Callings are not always answered. They don’t always mean that doors will open, or that what you do will bear fruit any time you can see it. Van Gough spent his life poor, obscure and struggling. Only after death was he taken seriously, and the fame that has since validated his work, was never available to him. While it’s possible to go through life clinging to a belief that at some point, what you do will prove worth it, the longer you go on banging your head against a wall and making little difference, the harder it is to justify.
Just exactly how much does a person have to do to answer a calling? How much success? How much usefulness? How much service? There are no tidy answers to this. When is it fairer to say that the call to serve is really a call of ego, a call to be important? Surely, if we believe in our calling our vision, we should be willing to do the work no matter how unvalued, how ridiculed, how financially compromised it leaves us… surely that’s what a real calling means.

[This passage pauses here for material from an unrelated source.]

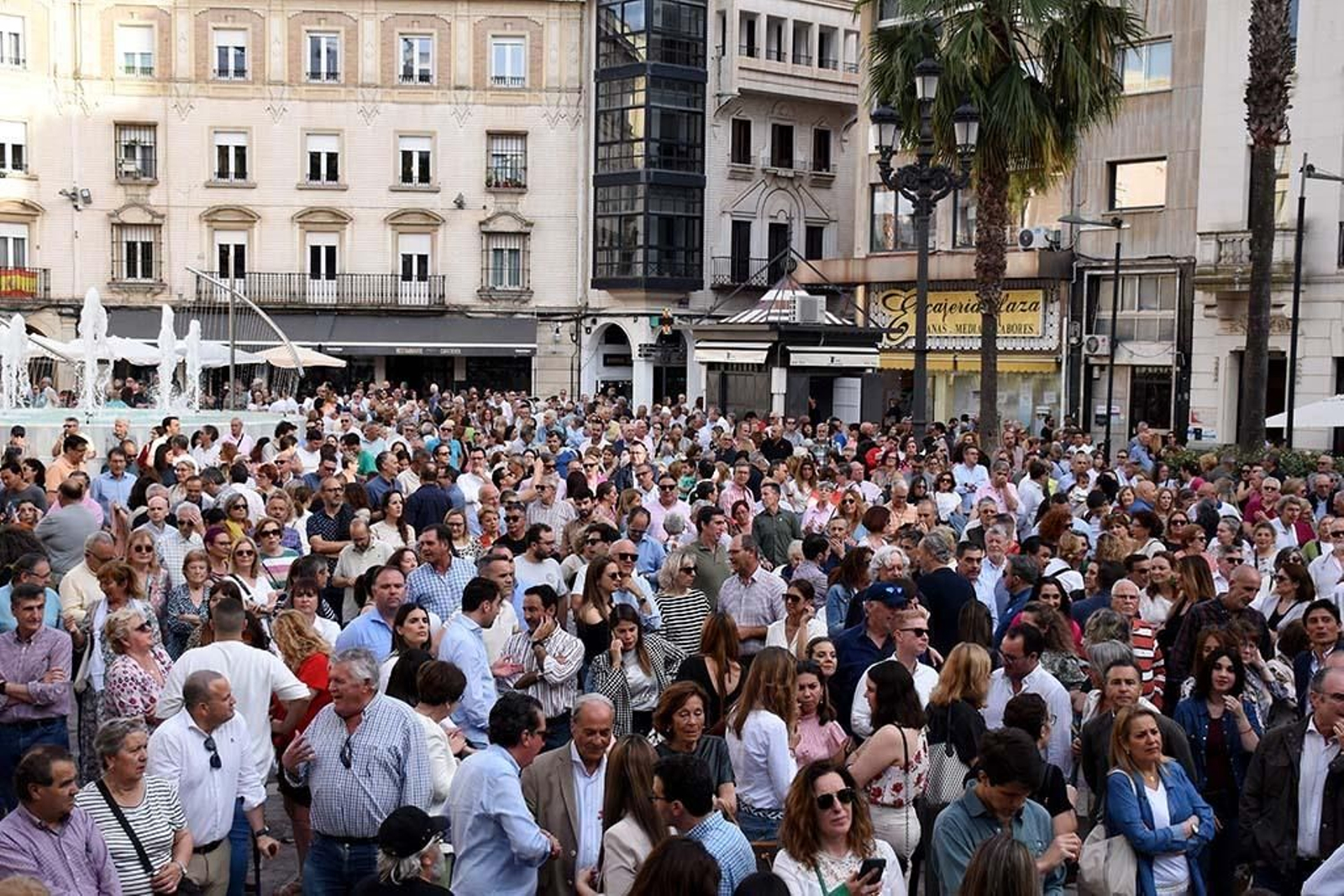 Imágenes de la concentración por las infraestructuras para Huelva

But how do you tell, if the thing driving you is truly a calling, truly purposeful, or if it’s just the desire to be loved and famous? How do you tell if the dream is any good, if most of the feedback you get suggests it has little or no value to anyone? The history of cutting edge creative people is a history full of depression, despair, and too many suicides. The roll call of brilliant people, modern and historical, who did not survive their thirties, is almost unbearable to reflect on. Mozart died young and in poverty, so did Robbie Burns. Janis Joplin, Kurt Cobain… too many names. Too many callings that could not be survived, too many people who were truly valued only after they were gone.

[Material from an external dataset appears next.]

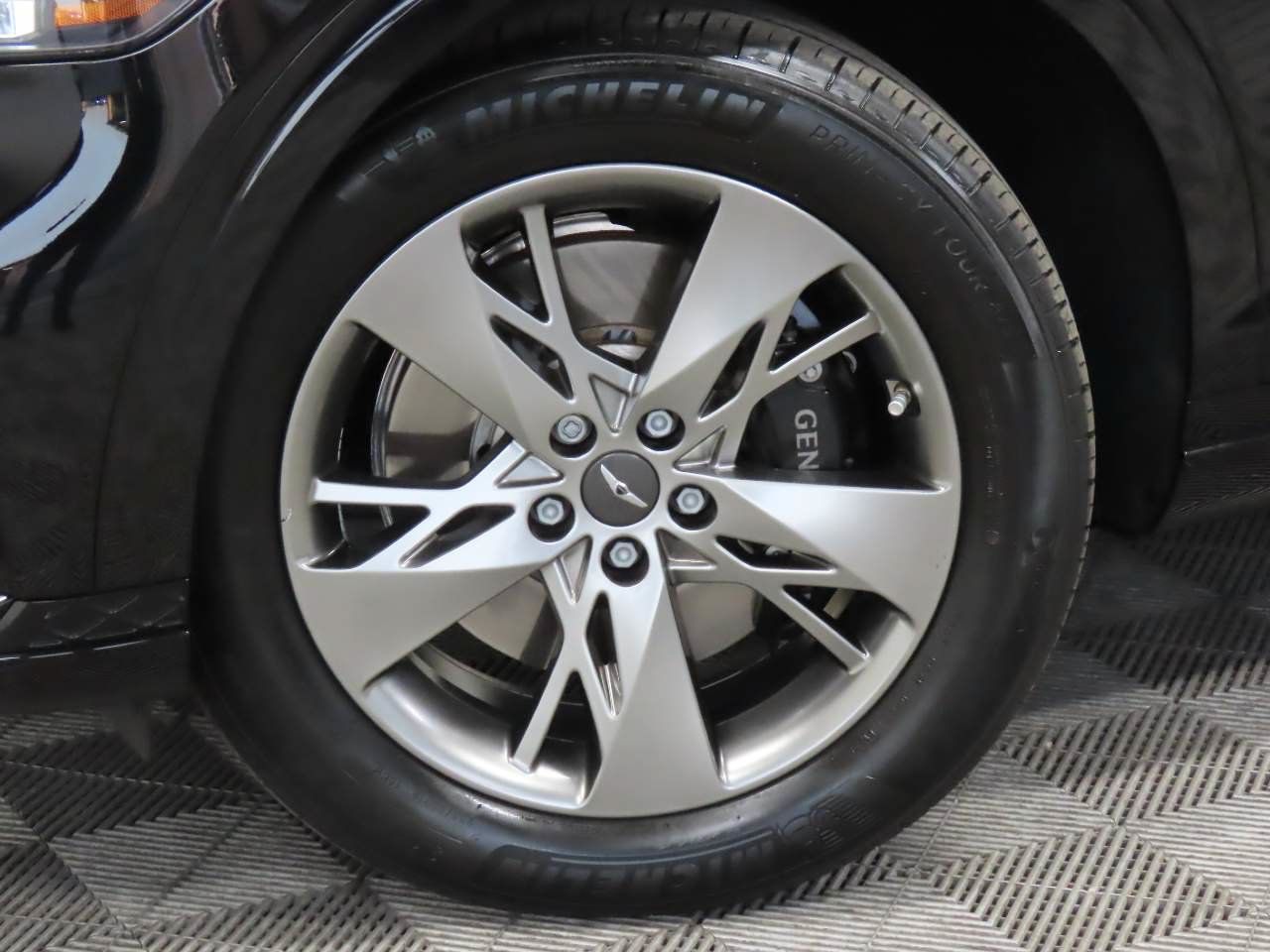Used 2024 Genesis GV70 3.5T Sport AWD/4WD image 5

How do you tell if a dream is worth giving your life to? When do you say ‘enough’? When does it stop being brave and visionary and start being irresponsible, self indulgent, deluded… And if it is not possible to be great or significant, is it worth showing up, day after day, to be small, modest, a little bit useful sometimes, liked by a few people?

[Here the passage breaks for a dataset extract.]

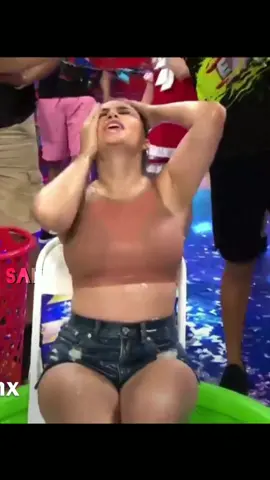 Liz Elizondo mojada #lizelizondo #tiktokoficial #parativiral #cuerpazo #bellezalatina 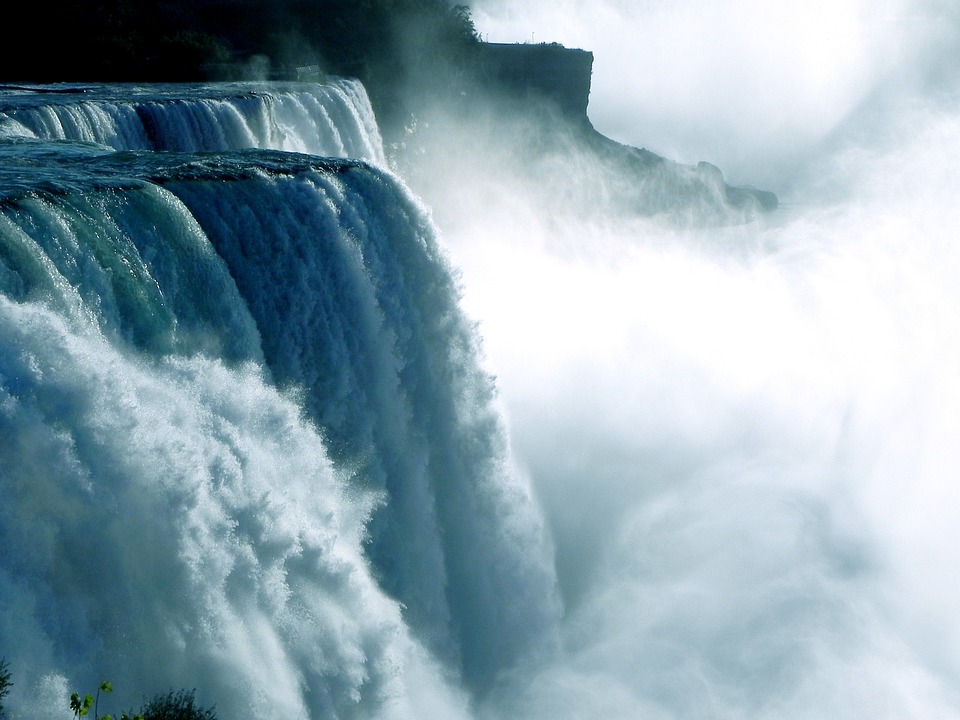 Imágenes fascinantes de las cataratas del Niágara medio congeladas luego de la tormenta invernal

I simply do not know, but this is the rock I break against every few months, pouring hours into work that does not pay, conscious that my most useful economic contribution to my family is as housewife, kidding myself each time that the next project will be the one that really takes off. The next project will be the one where I finally manage to do to something I think holds up. When do dreams become insanity?
I recall a recent interview with Leonard Cohen in which he said it was this or wash dishes, he couldn’t do anything else. But that’s ok because he’s Leonard Cohen and he’s never going to need to find something else to do. But for every Leonard Cohen out there, how many of us are there? The hundreds, thousands of never made the grade, never turned that calling into an answer, those of us who put the best we have into the world, and find that we would indeed be more useful washing dishes. With hindsight, fame and success validates the years of struggle, for some, but for many there is never anything to justify to the world the time we spent on the things we made. The scorn and ridicule this attracts is both reliable and unfunny. I talked about the struggles of the creative life before, and got a comment to the effect that I have a hobby, not a job, and how dare I imagine I was better than someone who earned a living doing mundane things. I’ll probably carry that one with me as long as I live. The assumption of arrogance in my desire to live by doing the thing I do best. A call with no answer.